Sabar dan Otonomi Diri. Menurut M. Quraish Shihab orang
yang sabar akan mengetahui otonomi diri baik berupa haknya maupun kewajiban
sebagai manusia dalam hubungan horizontal (hablum minannas) dan hubungan
vertikal (hablum minallah). Otonomi diri menyangkut sejauhmana manusia memiliki
hak terhadap segala sesuatu yang ada di dunia ini. Dengan memahami haknya maka
manusia akan membatasi diri ketika sesuatu itu bukan haknya. Ia tidak akan
merampas hak orang lain karena hak orang lain harus dihormati.
5.
Sabar dan Persepsi mengenai Realitas Menurut M. Quraish
Shihab orang yang sabar dapat menanggapi apa yang menjadi kenyataan. Banyak
peristiwa yang terjadi dimana manusia merencanakan yang menurut pandangannya
baik, tapi kemudian harapan dan kenyataan tidak bertemu. Hanya orang yang sabar
dapat menerima realitas yang pahit, dan ia tidak sombong ketika mendapat
karunia Allah Swt
6.
Sabar dan Penguasaan Lingkungan dan berintegrasi
Menurut M. Quraish Shihab orang yang sabar dapat menguasai lingkungannya. Ia
mudah beradaptasi dengan apa yang ada di sekitarnya. Meskipun lingkungan itu
bukan sesuatu yang didambakan tapi ia dapat menyesuaikan diri dengan keadaan
sekitar. Lingkungan tidak selalu sesuai dengan harapan, namun kesabaran dapat
membentuk lingkungan yang berintegrasi dengan dirinya, Menurut Marie Jahoda
yang disitir AF. Jaelani bahwa orang yang sehat mentalnya memiliki ciri-ciri
utama sebagai berikut.
- Sikap kepribadian yang baik terhadap diri sendiri
dalam arti dapat mengenal diri sendiri dengan baik.

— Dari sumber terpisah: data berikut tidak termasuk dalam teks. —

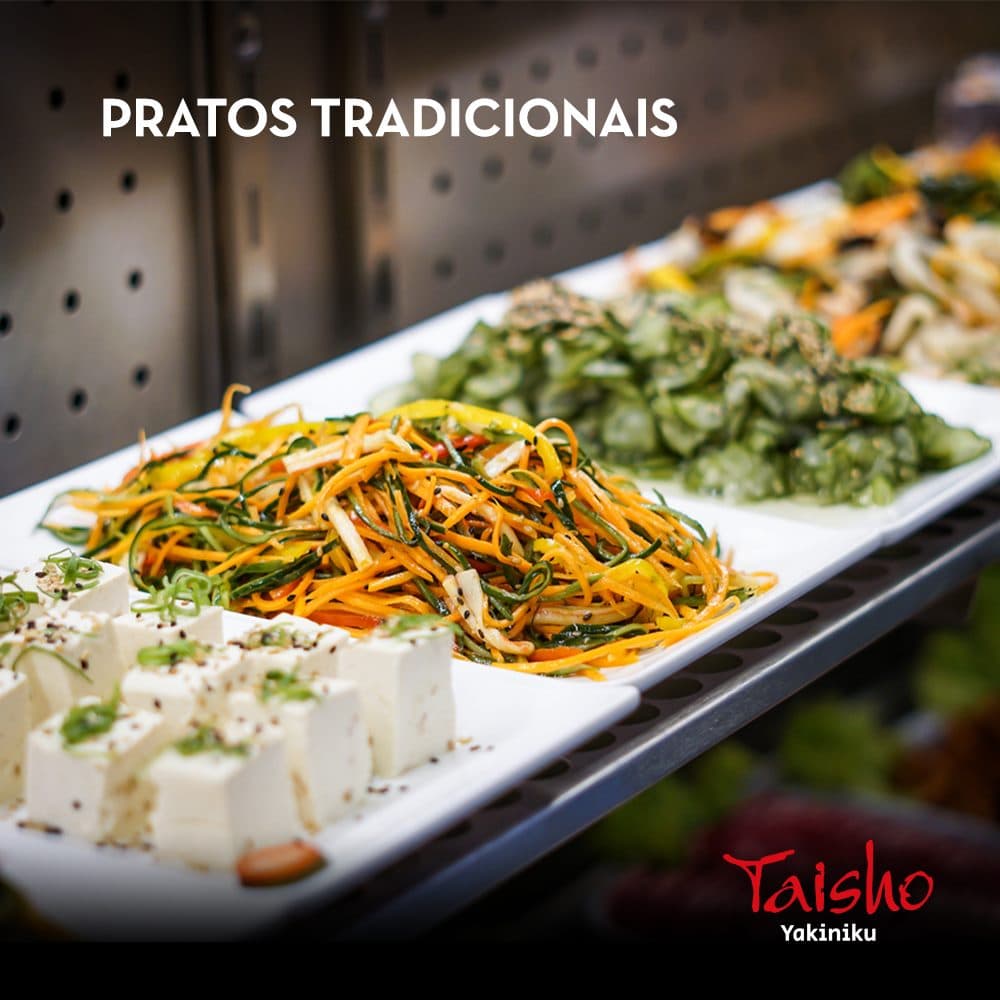 O Taisho Yakiniku possui ambientes amplos e decorados no melhor estilo japonês. Servimos com o serviço de yakiniku. Carnes, peixes e legumes servidos no sistema de buffet onde o cliente serve-se à vontade e prepara na mesa. Cada mesa possuí um sistema de grelhas e coifas individuais, onde o cliente faz o preparo na hora a seu gosto.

- Pertumbuhan, perkembangan, dan perwujudan diri yang
baik.
- Integrasi diri yang meliputi keseimbangan mental,
kesatuan pandangan, dan tahan terhadap tekanan- tekanan yang terjadi.
- Otonomi diri yang mencakup unsur-unsur pengatur
kelakuan dari dalam atau kelakuan-kelakuan bebas.
- Persepsi mengenai realitas, bebas dari penyimpangan
kebutuhan, serta memiliki empati dan kepekaan sosial.
- Kemampuan untuk menguasai lingkungan dan
berintegrasi dengannya secara baik.
Menurut M. Quraish Shihab,
manusia sabar memiliki ciri utama yaitu (1) menerima dengan penuh kerelaan
ketetapan-ketetapan Tuhan yang tidak terelakkan lagi; (2) sabar terhadap
gejolak nafsu; (3) sabar dalam ketaatan; (4) sabar dalam menahan diri dari
berbuat maksiat; (5) sabar dalam menerima
cobaan. Ciri tersebut sebagaimana
dinyatakan M. Quraish Shihab sebagai berikut: Seseorang yang ditimpa malapetaka,
bila mengikuti kehendak nafsunya, akan meronta, menggerutu dalam berbagai
bentuk dan terhadap berbagai pihak: terhadap Tuhan, manusia, atau lngkungannya,
disinilah perlu sabar terhadap gejolak nafsu. Dengan mampu menerima cobaan,
maka dia akan menerima dengan penuh kerelaan malapetaka yang terjadi itu,
mungkin, sambil menghibur hatinya dengan berkata, "Malapetaka tersebut
dapat terjadi melebihi yang telah terjadi" atau, "Pasti ada hikmah di
balik yang telah terjadi itu," dan lain sebagainya, sehingga semuanya itu
diterimanya sambil mengharapkan sesuatu yang lebih baik di kemudian hari. Di
sini sabar diartikan sebagai "menerima dengan penuh kerelaan
ketetapan-ketetapan Tuhan yang tidak terelakkanlagi", dan dia tetap sabar
dalam ketaatan.
1.
Sabar menerima dengan penuh kerelaan
ketetapan-ketetapan Tuhan yang tidak terelakkan lagi Orang yang sabar akan
menerima ketetapan-ketetapan Tuhan tanpa keluh kesah. Ia dengan rela menerima
ketetapan tersebut baik sifatnya manis atau pun pahit. Ia meyakini bahwa
ketetapan Tuhan untuk dirinya itulah yang terbaik.
2.
Sabar terhadap gejolak nafsu Hawa nafsu menginginkan
segala macam kenikmatan hidup, kesenangan dan kemegahan dunia. Untuk
mengendalikan segala keinginan itu diperlukan kesabaran. Jangan sampai semua
kesenangan hidup dunia itu membuat seseorang lupa diri, apalagi lupa Tuhan.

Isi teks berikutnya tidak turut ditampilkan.